[What you should do] Look through the data below for the string "Pendant", and copy every line where it turns up.

Source data
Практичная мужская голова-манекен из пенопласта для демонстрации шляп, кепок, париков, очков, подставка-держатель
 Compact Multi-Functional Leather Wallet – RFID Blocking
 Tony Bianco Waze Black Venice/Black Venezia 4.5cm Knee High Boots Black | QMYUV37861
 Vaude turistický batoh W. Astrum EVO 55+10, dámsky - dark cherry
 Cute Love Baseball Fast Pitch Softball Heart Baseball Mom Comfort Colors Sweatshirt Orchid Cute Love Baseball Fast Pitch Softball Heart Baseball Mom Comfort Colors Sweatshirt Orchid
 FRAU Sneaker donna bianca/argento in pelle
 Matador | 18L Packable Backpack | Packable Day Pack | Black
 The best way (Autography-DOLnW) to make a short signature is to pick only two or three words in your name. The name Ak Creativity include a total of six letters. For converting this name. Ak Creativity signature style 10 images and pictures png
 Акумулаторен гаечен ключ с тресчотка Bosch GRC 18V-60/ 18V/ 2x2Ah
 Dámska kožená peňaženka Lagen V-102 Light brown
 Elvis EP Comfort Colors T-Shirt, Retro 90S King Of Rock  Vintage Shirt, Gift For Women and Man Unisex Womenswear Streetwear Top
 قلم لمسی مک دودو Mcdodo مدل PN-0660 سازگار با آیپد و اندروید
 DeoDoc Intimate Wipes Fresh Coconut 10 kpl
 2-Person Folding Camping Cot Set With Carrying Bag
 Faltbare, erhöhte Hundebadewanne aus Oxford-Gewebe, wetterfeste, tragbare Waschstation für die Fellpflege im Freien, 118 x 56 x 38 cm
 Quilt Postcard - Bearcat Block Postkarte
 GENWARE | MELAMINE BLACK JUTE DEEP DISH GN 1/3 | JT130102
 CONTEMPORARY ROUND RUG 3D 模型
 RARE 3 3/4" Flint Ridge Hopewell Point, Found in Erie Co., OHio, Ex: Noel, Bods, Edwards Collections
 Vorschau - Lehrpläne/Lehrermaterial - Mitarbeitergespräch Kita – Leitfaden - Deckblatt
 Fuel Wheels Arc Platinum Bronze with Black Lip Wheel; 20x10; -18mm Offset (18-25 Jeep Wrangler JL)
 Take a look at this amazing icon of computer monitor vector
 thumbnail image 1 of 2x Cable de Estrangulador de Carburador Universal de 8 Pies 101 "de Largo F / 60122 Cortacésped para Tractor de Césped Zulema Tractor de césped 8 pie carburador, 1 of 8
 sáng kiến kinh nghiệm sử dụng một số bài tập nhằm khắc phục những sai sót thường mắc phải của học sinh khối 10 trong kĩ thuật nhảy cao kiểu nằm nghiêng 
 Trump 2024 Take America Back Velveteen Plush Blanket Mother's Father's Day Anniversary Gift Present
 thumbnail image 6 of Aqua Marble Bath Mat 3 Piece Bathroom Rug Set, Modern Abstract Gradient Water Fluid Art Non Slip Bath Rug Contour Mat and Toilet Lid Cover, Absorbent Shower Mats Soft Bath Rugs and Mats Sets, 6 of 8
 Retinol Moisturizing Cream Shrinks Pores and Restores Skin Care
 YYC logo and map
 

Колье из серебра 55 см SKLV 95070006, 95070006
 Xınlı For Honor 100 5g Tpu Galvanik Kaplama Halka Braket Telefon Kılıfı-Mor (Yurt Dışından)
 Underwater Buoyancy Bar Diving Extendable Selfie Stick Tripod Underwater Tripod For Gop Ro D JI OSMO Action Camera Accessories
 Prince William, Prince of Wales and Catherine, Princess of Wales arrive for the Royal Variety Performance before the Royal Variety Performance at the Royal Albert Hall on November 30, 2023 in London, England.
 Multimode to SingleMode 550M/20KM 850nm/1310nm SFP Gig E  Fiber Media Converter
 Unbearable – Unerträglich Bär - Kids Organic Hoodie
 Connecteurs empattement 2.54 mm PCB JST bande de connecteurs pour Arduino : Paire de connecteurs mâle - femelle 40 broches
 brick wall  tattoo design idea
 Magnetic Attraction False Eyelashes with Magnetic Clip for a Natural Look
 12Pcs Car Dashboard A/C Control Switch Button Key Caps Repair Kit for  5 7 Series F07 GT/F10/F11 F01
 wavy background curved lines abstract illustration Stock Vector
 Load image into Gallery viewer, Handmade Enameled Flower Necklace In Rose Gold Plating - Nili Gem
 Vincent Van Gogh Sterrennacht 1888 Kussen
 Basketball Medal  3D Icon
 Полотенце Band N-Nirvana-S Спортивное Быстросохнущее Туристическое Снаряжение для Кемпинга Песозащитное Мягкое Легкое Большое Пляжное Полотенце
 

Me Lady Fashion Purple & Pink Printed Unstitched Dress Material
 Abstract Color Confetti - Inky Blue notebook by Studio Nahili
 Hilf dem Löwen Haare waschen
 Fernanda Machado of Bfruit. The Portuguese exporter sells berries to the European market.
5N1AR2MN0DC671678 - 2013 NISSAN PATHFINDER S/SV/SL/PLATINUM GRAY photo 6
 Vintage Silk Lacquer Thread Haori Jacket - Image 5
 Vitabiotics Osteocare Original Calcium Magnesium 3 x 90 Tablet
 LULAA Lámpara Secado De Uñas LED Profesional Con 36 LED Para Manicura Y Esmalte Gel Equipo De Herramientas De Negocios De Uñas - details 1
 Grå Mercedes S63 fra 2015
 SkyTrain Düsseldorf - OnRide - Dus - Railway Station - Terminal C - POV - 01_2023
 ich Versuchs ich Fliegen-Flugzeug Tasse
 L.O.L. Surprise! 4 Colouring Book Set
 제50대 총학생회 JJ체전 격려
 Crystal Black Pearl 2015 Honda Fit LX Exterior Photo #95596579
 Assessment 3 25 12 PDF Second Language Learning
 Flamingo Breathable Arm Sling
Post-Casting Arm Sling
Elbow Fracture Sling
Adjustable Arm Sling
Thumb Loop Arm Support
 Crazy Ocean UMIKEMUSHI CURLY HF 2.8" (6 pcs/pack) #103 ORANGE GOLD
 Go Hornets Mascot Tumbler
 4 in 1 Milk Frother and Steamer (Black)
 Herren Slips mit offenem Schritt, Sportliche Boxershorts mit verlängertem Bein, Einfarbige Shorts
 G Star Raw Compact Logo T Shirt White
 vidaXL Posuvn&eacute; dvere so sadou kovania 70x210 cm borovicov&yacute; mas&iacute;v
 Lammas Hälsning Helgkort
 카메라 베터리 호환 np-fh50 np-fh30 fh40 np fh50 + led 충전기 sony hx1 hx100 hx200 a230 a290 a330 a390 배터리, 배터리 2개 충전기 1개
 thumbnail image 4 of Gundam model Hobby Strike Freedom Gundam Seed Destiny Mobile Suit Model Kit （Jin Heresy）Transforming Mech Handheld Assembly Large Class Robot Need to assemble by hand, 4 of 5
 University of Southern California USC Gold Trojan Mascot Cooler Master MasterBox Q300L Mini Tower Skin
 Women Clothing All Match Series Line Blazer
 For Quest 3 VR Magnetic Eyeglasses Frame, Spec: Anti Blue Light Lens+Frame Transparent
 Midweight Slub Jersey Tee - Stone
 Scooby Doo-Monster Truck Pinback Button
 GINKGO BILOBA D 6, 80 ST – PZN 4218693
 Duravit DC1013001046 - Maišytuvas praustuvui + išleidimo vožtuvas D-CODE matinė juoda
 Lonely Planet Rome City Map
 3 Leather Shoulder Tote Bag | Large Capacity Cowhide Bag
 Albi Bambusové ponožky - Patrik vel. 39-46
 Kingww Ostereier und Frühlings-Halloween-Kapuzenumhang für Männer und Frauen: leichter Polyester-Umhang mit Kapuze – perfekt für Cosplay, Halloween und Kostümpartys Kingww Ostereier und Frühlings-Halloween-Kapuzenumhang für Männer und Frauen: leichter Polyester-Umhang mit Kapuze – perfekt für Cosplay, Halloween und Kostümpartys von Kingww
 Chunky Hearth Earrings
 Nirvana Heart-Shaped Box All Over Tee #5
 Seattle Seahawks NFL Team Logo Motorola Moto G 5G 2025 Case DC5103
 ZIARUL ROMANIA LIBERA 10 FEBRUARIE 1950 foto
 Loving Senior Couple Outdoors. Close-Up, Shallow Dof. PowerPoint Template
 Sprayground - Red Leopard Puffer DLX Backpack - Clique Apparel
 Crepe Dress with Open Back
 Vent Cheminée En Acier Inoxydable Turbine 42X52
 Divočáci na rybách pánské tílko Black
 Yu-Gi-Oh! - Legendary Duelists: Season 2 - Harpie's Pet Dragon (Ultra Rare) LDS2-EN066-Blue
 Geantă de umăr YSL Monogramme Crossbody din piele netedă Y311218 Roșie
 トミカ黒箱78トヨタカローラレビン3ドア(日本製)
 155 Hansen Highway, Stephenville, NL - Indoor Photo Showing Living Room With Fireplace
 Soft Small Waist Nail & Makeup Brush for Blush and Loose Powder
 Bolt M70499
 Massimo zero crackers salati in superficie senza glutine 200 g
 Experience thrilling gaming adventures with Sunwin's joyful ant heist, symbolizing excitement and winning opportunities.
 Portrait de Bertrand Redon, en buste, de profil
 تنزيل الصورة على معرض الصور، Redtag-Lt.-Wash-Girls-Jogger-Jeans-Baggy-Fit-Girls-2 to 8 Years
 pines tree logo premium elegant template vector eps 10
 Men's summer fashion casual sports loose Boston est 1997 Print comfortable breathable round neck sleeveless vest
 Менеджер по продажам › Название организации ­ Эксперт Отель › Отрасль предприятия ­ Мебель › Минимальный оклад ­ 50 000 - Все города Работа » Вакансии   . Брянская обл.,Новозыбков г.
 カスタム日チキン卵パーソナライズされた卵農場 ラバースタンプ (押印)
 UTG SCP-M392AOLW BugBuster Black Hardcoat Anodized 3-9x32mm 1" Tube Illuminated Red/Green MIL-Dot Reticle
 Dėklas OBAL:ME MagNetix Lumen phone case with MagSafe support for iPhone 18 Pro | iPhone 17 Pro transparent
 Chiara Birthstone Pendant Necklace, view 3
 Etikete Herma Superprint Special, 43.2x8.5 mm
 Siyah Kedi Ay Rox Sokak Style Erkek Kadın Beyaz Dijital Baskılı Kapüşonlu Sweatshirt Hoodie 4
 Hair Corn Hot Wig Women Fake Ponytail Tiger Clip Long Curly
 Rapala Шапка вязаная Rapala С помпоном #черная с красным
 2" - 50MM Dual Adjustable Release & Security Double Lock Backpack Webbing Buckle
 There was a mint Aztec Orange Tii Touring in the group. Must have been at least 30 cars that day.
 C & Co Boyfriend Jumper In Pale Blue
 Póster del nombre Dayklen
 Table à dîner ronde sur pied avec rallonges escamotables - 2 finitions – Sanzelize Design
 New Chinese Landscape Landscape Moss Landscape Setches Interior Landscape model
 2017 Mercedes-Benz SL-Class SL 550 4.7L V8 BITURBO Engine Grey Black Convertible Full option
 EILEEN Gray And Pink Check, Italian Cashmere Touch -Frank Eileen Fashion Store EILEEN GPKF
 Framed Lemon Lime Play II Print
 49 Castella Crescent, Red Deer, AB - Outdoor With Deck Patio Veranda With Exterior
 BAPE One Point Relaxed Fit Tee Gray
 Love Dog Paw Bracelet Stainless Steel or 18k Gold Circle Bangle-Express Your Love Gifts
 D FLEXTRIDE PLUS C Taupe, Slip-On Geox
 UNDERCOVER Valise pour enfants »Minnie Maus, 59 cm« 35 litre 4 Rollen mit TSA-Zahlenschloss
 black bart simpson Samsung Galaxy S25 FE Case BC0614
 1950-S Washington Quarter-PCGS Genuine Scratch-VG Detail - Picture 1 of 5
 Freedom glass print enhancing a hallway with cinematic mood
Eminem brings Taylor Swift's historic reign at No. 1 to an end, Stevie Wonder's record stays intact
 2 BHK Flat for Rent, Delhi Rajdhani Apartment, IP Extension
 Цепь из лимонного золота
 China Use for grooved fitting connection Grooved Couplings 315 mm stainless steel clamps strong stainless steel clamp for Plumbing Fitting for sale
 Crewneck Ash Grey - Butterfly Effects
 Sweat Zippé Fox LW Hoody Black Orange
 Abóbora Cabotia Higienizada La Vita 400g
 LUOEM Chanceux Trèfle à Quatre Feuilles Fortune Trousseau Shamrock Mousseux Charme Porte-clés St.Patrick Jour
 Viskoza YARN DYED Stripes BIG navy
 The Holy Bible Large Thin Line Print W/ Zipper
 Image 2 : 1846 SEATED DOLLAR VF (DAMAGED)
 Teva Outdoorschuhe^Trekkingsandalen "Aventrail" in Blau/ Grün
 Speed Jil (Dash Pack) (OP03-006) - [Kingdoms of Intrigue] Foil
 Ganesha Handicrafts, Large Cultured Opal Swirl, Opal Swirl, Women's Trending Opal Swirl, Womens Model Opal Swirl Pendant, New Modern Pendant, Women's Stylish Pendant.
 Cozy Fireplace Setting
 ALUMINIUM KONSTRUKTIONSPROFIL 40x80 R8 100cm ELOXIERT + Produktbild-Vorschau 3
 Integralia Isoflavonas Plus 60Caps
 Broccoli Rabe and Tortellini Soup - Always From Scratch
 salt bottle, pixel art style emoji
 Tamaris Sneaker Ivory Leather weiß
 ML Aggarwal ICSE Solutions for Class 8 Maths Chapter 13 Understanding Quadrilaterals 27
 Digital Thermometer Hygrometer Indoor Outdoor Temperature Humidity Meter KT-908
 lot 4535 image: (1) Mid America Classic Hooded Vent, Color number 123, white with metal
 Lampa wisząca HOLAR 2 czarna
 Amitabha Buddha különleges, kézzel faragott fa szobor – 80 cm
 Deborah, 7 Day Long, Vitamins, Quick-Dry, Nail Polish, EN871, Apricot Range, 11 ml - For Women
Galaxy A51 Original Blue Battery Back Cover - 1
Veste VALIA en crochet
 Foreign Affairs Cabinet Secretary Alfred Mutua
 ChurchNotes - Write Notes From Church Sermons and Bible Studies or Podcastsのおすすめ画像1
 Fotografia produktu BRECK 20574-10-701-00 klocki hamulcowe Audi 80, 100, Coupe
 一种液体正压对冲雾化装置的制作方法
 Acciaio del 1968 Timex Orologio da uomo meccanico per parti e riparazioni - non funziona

[Answer for this exercise]
 Chiara Birthstone Pendant Necklace, view 3
 Ganesha Handicrafts, Large Cultured Opal Swirl, Opal Swirl, Women's Trending Opal Swirl, Womens Model Opal Swirl Pendant, New Modern Pendant, Women's Stylish Pendant.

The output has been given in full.